Every entry below is to be copied exactly, apart from any picture it holds.

★ ★ ★

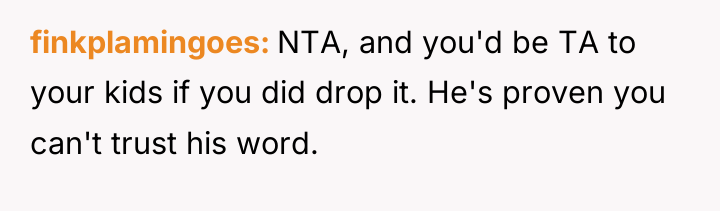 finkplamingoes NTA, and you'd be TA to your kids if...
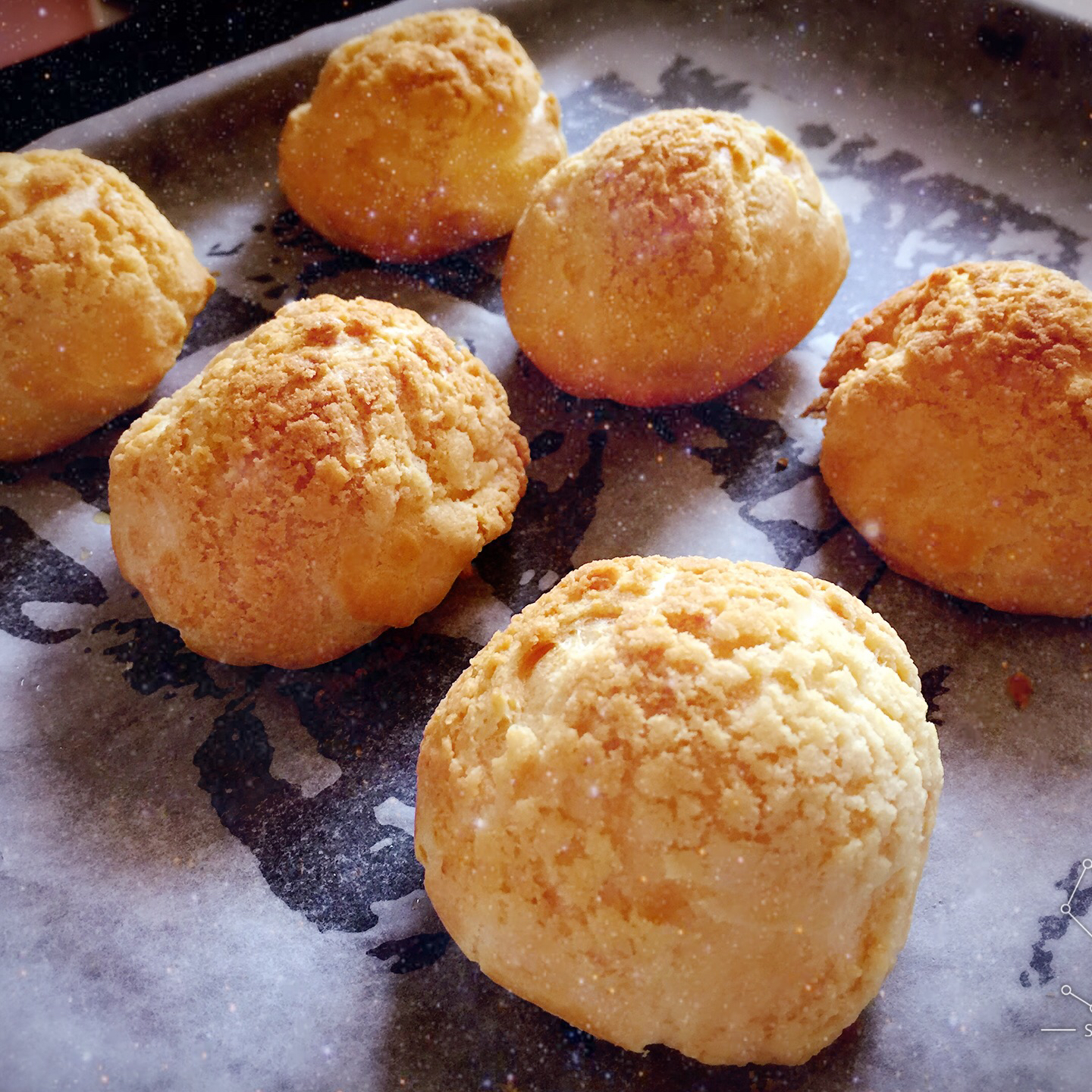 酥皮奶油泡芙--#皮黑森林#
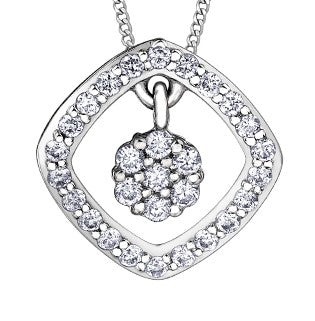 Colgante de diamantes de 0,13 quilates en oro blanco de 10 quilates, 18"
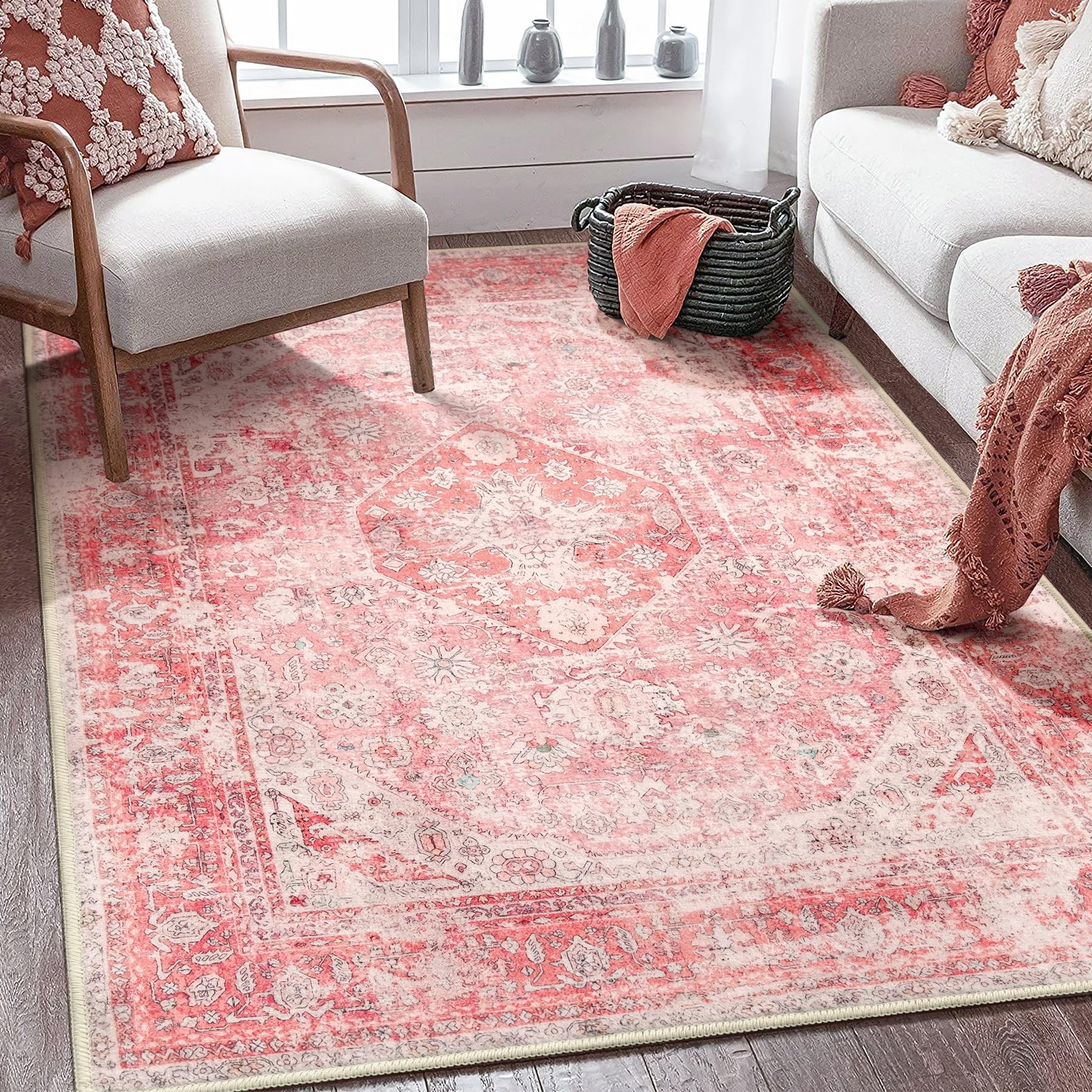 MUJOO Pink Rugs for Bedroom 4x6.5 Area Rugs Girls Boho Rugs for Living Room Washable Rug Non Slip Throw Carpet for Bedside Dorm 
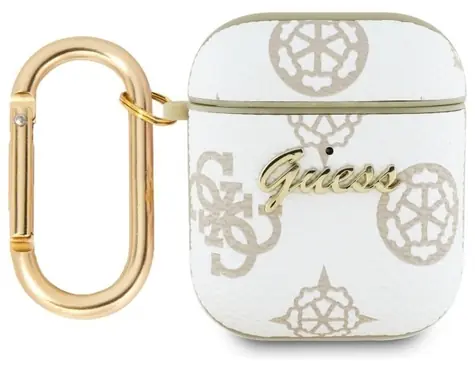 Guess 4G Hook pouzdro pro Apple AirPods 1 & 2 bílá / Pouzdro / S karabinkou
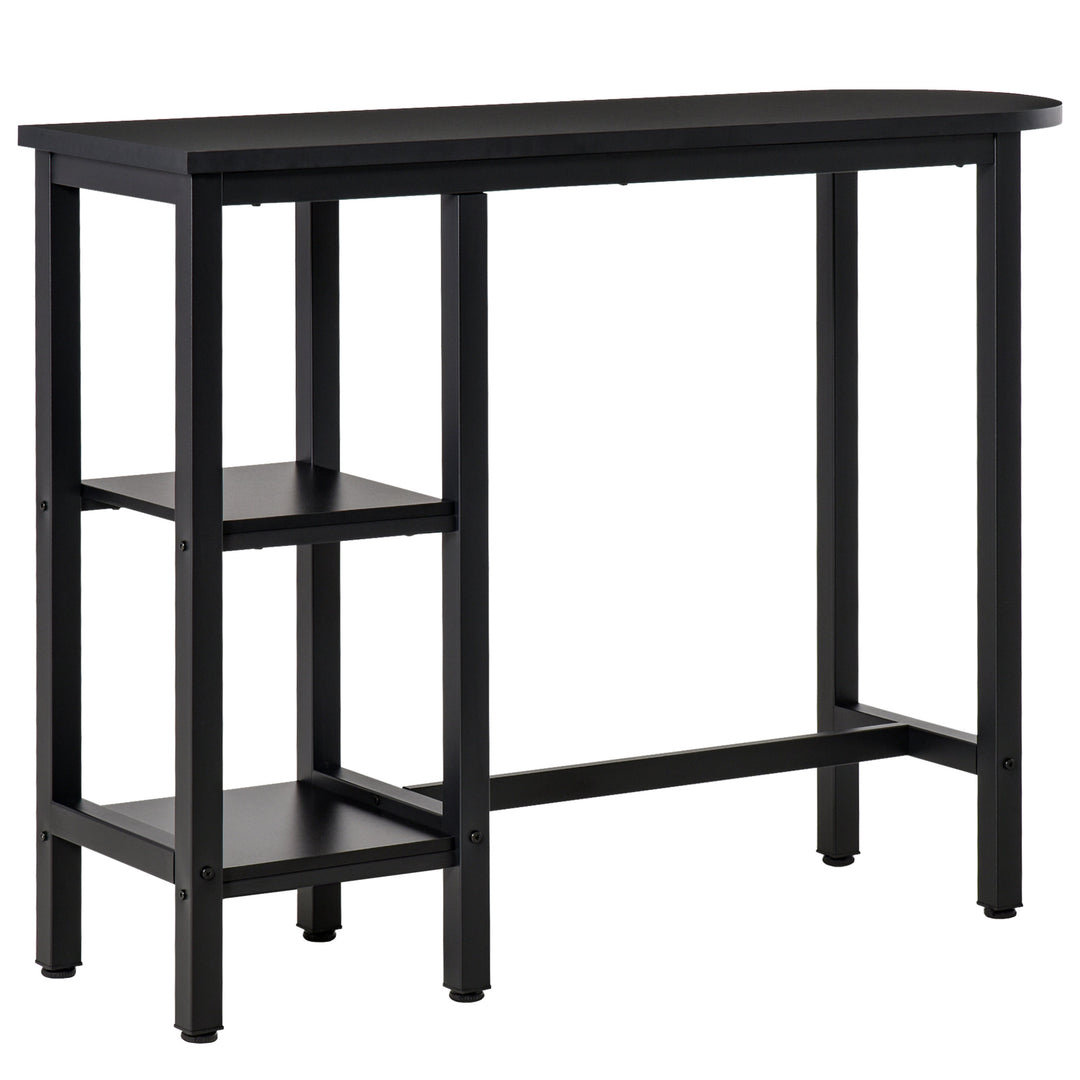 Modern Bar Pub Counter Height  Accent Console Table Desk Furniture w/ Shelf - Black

★ ★ ★

■ **YOUR SOLUTION**
 finkplamingoes NTA, and you'd be TA to your kids if...
 酥皮奶油泡芙--#皮黑森林#
 Colgante de diamantes de 0,13 quilates en oro blanco de 10 quilates, 18"
 MUJOO Pink Rugs for Bedroom 4x6.5 Area Rugs Girls Boho Rugs for Living Room Washable Rug Non Slip Throw Carpet for Bedside Dorm 
 Guess 4G Hook pouzdro pro Apple AirPods 1 & 2 bílá / Pouzdro / S karabinkou
 Modern Bar Pub Counter Height  Accent Console Table Desk Furniture w/ Shelf - Black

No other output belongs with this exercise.